“Indivisible, with liberty and justice for all.”
If Americans had achieved the ability to truly honor this pledge, we would not have racial or religious violence in the United States. We have work to do.
There are at least three divergent narratives about the origins of this violence. Right, left, and center they are all off target, because they have been twisted to serve special interests, and corral the various cultural and economic classes in America that have been taught to listen only to their own rhetoric.
I don’t want to address of those narratives. Its a waste of time. They are a product of contemporary politics and will fade away with the passing of time and the unfolding of events.
I do want to point out that American militarism has more potential to unify than divide. America’s aggressive and violent tenancies are rooted in the genuine desire to do good. Certainly it is true that this desire has been twisted and bent to injustice. This is a product of human nature and an imperfect, growing political system.
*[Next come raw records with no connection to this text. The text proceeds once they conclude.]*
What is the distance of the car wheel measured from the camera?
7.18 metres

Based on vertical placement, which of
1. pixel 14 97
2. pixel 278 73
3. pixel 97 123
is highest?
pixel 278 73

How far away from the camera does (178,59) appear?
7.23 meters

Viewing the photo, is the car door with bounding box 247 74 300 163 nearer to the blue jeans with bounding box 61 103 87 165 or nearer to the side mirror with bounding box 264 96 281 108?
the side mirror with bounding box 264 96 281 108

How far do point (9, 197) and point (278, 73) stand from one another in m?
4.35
A good example of positive effects of militarism occurred when veterans of the newly integrated armed forces came back from Vietnam, joined the police and helped enforce the civil rights movement.
Let’s examine American military mottos:
Service before self, De Oppresso Liber (To Liberate the Oppressed), Semper Fidelis (Always Faithful) are not the words of a nation that wants mindless killers.
Both grassroots American culture and official propaganda have encouraged militarism in the United States as both a duty and a service, especially since World War II and the end of isolationism. Many point to unjust wars and high levels of gun violence to demonize this militarism, but I would argue that this demonization is actually a shield for classism and racism.
The publicized American violence is perceived in two forms: minority gang violence and mass killings by young white terrorists. Ultimately, both of these phenomenons are derived from systemic failings. People are not represented equally, and values are slowly being boiled out of the fabric of our society.
High School Advance Placement US Government classes teach that there are five core American values: liberty, equality, democracy, civic duty, and individual responsibility. Our most economically challenged populations (often minorities) have schools which are not equipped to teach these values. These communities are taught that these values do not apply to them. They are told that they do not have the education to get jobs, and that because they do not have jobs, they are trash.
Recent calls for Pastors, teachers, and other community leaders to carry weapons is alarming to me, not because I am opposed to the Second Amendment- train everyone and arm everyone as far as I am concerned! My problem is with the way it to framed: with fear. “Fear is the mind-killer” said the writer Frank Herbert, and it is. People are encouraged to carry weapons in fear of their neighbors and their fellow man. This is wrong and it is evil. I think carrying a weapon, to be used to last resort to defend your fellow man is good and right. Some may argue this is semantics, but they say intent is nine-tenths of the law for a reason!
A militarism of hate and aggression, focused on any enemy is caustic and can certainly result in societal violence and degradation. I strongly believe that the idealistic militarism of America, the idea that we have the strength and duty to help our fellow humans anywhere in the world, even through the force of arms, is healthy. What we must do is teach values and virtues to our young people of all races and backgrounds, so that whether they pick up the pen OR the sword we can be confident that they will conduct themselves honorably, justly, and courageously.